%%

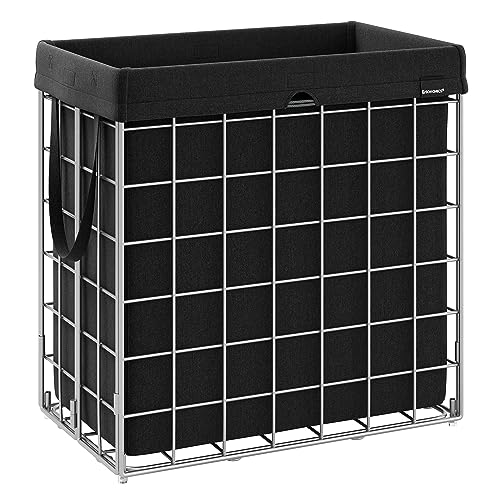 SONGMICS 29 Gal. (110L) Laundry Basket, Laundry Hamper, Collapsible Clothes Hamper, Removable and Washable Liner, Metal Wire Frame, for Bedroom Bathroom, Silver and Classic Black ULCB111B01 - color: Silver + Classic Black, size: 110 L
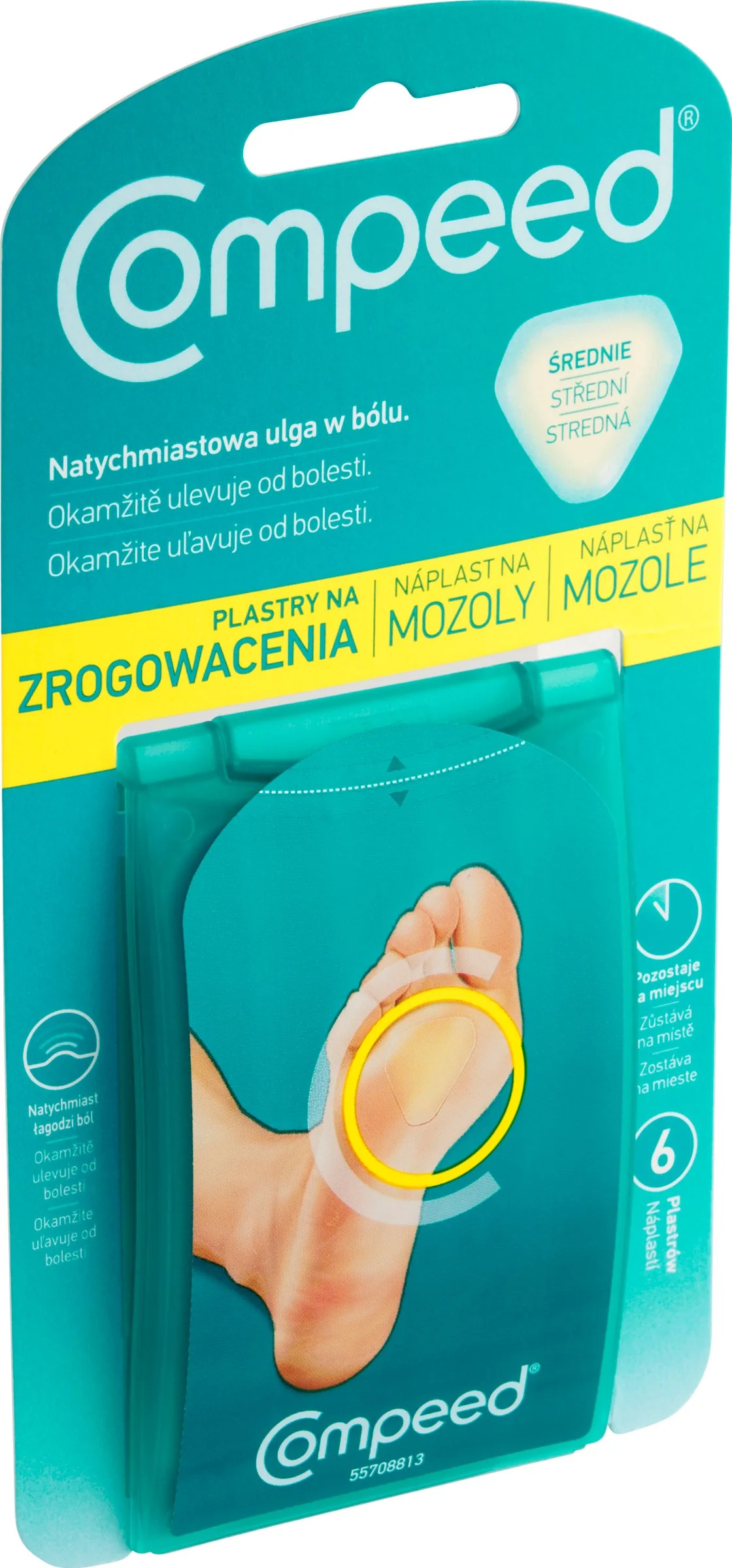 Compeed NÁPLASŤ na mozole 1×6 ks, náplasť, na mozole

%%
%%

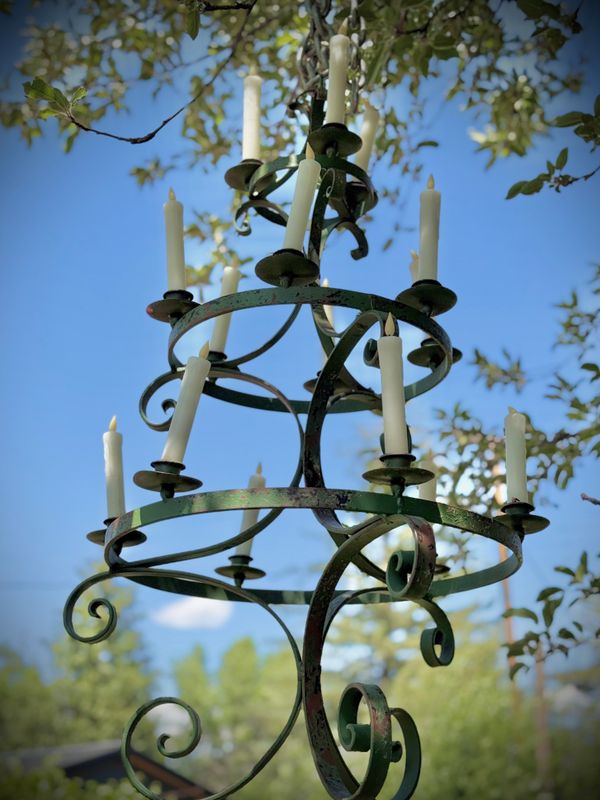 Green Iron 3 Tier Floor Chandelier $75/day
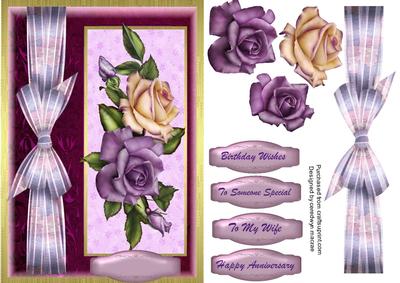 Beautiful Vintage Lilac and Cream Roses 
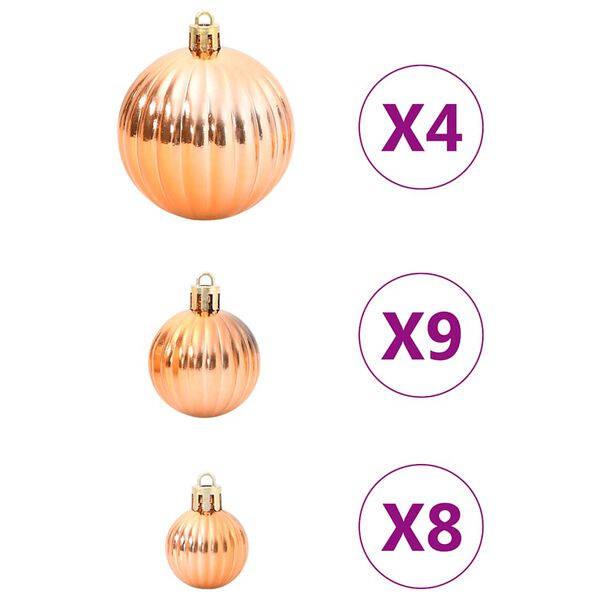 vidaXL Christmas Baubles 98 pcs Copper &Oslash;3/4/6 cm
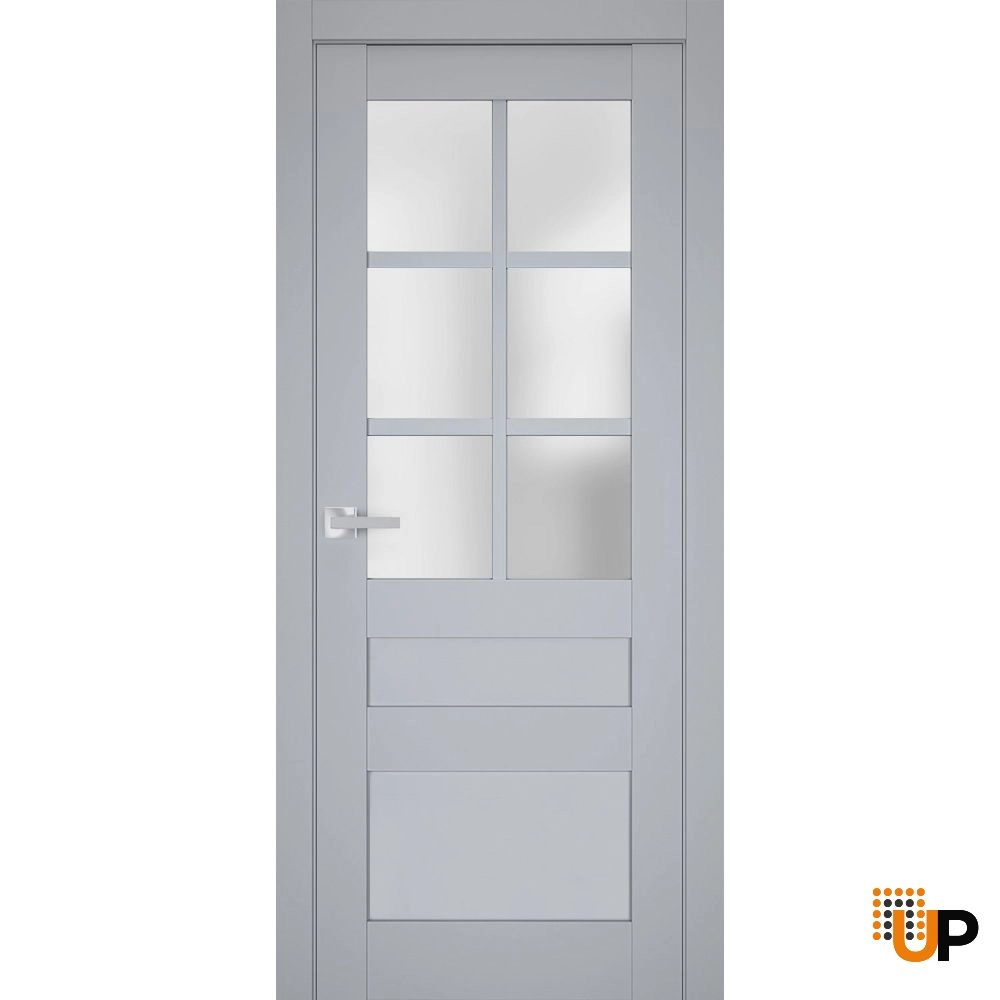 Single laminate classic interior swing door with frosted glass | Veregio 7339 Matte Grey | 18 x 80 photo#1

%%
%%

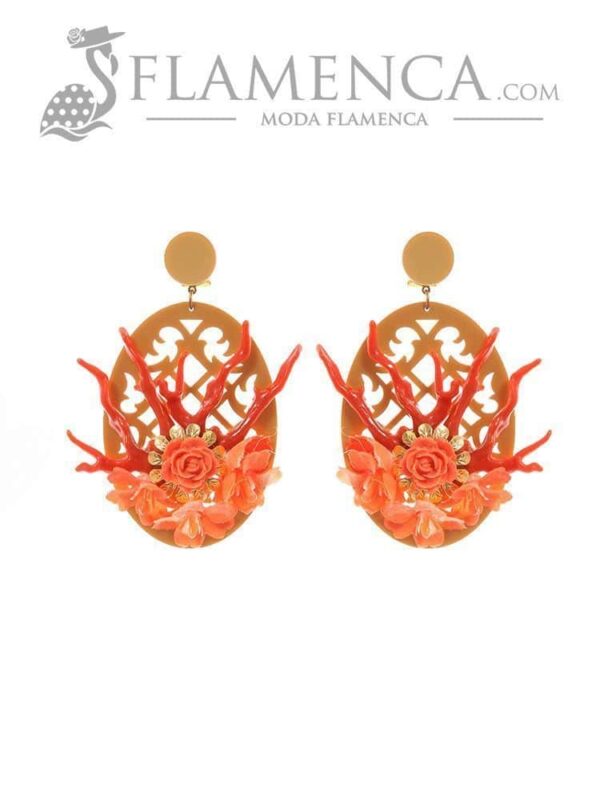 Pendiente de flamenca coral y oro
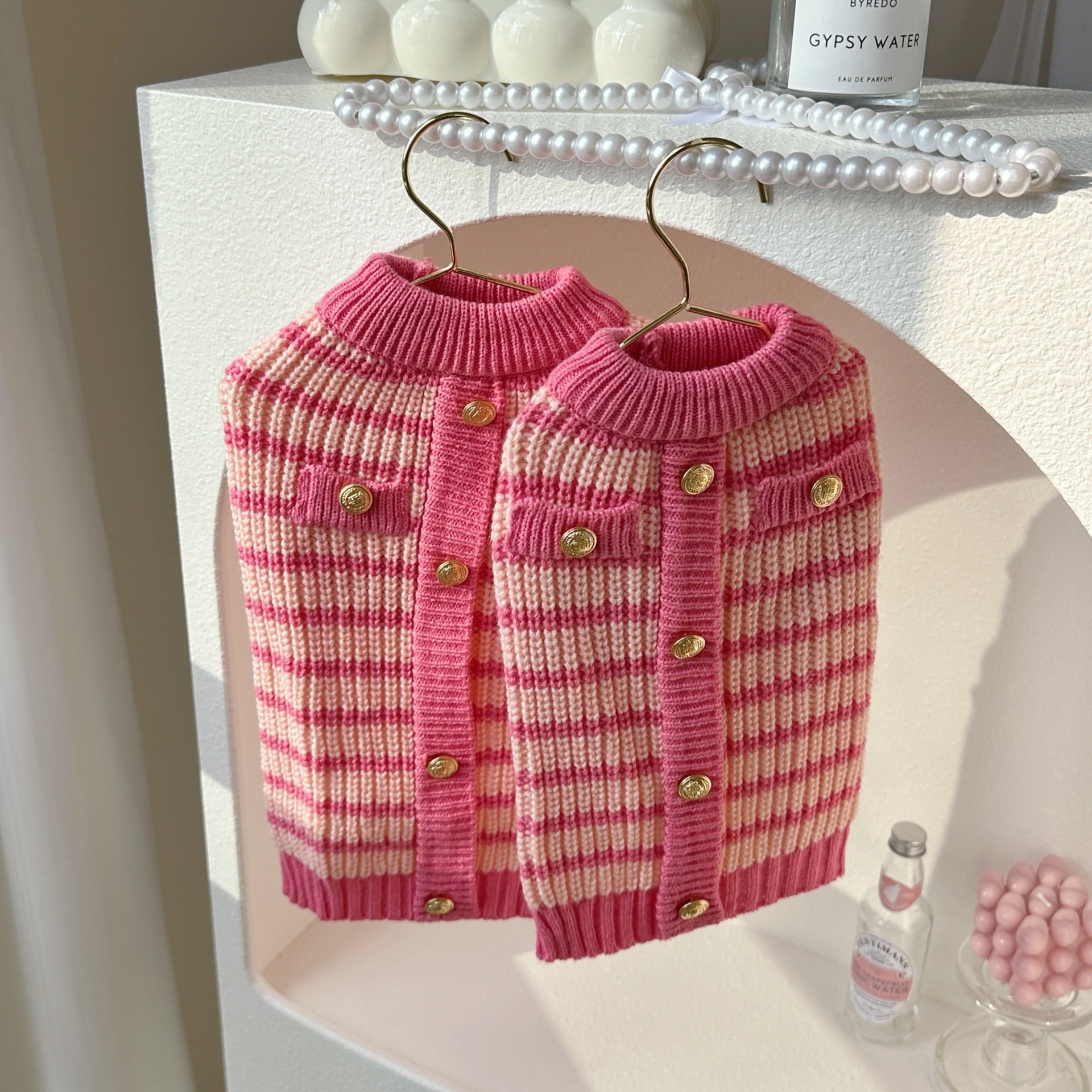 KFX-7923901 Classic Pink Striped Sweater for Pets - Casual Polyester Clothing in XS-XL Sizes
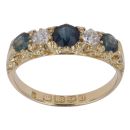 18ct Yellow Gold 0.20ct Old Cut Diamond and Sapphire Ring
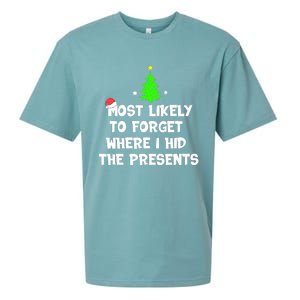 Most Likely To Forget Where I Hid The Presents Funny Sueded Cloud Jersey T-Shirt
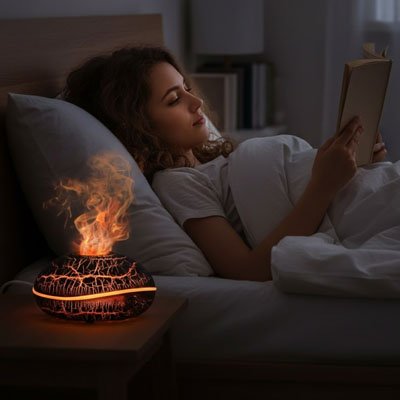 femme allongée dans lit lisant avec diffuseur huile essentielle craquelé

%%

### Problem details
Using the data above, transcribe exactly the lines between those containing "vidaXL Christmas Baubles" and "Single laminate classic", inclusive, and leave every picture behind.

### Finished exercise
 vidaXL Christmas Baubles 98 pcs Copper &Oslash;3/4/6 cm
 Single laminate classic interior swing door with frosted glass | Veregio 7339 Matte Grey | 18 x 80 photo#1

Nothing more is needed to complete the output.